The basic format today is we'll take questions after each major section. We'll take questions at the breaks and certainly over lunch. With the number of management folks here, we can do that. But happy to take some high-level questions now and then return the podium over to Steve. Anything on anybody's mind?
Mark Andrew Maki
It's early. I know. Yes, sir?
[indiscernible], and you said that was reasonable to expect that the distributions would be not exactly your [indiscernible] of 2% to 5%.
Mark Andrew Maki
Yes, let me explain. That was a comment directed towards the parent company, Enbridge Inc. We've got basically 3 kind of vehicles inside the Enbridge family: the parent, Enbridge Inc.; Enbridge Energy Partners; Enbridge Energy Management. Enbridge Partners, Enbridge Management are 2% to 5% growth in distribution. The parent company, though, double-digit growth earnings per share, likely double-digit growth in dividends. Yes, sir?
John D. Edwards - Morgan Keegan & Company, Inc., Research Division
[indiscernible] comment there for management. John Edwards, Morgan Keegan. Mark, I thought I heard you then make a comment with regards to potential drop-downs from Enbridge to the partnership. And I don't really remember you suggesting that, that was something that would be a focus, at least in the past, and so maybe if you could expand a little bit upon that.
Mark Andrew Maki
Yes, we've done drop-downs on that. Yes, we've done drop-downs in the past, John. An example of that, the North Dakota system was a drop-down back in 2001. It was the best drop-down deal ever done, as far as I'm concerned.
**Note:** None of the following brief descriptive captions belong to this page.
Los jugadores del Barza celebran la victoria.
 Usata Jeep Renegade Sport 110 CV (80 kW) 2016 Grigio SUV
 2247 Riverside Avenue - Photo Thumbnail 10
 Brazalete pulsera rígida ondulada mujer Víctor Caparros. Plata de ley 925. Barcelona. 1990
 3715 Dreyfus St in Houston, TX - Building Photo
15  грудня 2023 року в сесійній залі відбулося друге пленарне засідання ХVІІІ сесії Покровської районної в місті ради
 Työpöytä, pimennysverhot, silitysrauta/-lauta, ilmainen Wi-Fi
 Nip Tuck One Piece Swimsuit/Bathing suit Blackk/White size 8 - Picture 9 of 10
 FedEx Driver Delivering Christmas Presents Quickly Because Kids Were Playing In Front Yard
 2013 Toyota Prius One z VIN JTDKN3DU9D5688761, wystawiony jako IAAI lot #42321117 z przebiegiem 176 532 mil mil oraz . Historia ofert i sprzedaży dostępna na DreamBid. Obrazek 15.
But I get grief over that, because I was in the Canadian system at the time and helped sell it down to EEP. But we do them when it makes sense, when there's a strategic objective that we're trying to accomplish, John. And the thing that the partnership has been uniquely blessed with is a great suite of organic growth opportunities, really for as long as I've been associated with it. The guys that have the drop-down stories, they may not have much in terms of organic growth, really, to look to. And so as long as you've got this good diet of organic projects, that's where we're going to focus. The drop-downs become something to look at in the future. When you asked me the meeting of the minds on this, the parent needs capital, and it looks like it makes sense to them to drop an asset down to EEP. And EEP is a willing buyer of those assets. They fit in with our map. It makes for a great strategy, but it's not something, John, that, today, we're in a kind of big hurry to do. We've got lots of organic stuff on the plate.
Mark Andrew Maki
Our history has basically been we've had these big capital programs. What you'll typically see is slowdown in terms of the amount of the distribution increases. And I think it's reasonable to expect that as you go into one of these heavier capital programs, your capital raise will be higher. But what you'll see is when we come out of them, then our distributions do tend to increase. And I think that would be a reasonable expectation. So with the opportunity suite, that's the potential here. That would provide us the, I think, the necessary momentum to see us go into the higher end of the range. And again, we speak of the 2% to 5% as really being a good long-term objective. We've got a pretty good history last several years of being 3.5%, a high 3s kind of range, and that feels certainly like a good target for us, long run.
Mark, as you become even more oily and more fee-based, does that have any impact for your distribution coverage?
Mark Andrew Maki
With the oil business, that business will tend to take or allow for you to take your distribution coverage to more of the 1:1 kind of range. Now historically, what we've talked about inside of Enbridge Energy Partners is -- if you go back before we had the gas business, like a 110 was our typical target. When we got into the gas business, it was a 115-plus. And as we become more oily again, I think the 110 feels like a reasonable target for us.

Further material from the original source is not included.